| What the task requires |
Only some lines are wanted. Transcribe, exactly, the lines below from the line with "7SAYGDEE2PA130013 2023 TESLA" up to and including the line with "Първият фонд за".

| Available data |
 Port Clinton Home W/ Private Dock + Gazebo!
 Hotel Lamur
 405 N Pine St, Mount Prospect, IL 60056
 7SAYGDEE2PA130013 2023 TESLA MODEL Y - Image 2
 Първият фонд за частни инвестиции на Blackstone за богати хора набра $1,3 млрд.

* * *

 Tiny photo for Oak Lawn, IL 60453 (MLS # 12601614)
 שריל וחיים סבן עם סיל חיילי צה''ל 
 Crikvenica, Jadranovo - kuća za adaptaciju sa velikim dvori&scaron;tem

==

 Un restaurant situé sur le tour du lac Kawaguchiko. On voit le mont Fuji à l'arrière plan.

| Task solution |
 7SAYGDEE2PA130013 2023 TESLA MODEL Y - Image 2
 Първият фонд за частни инвестиции на Blackstone за богати хора набра $1,3 млрд.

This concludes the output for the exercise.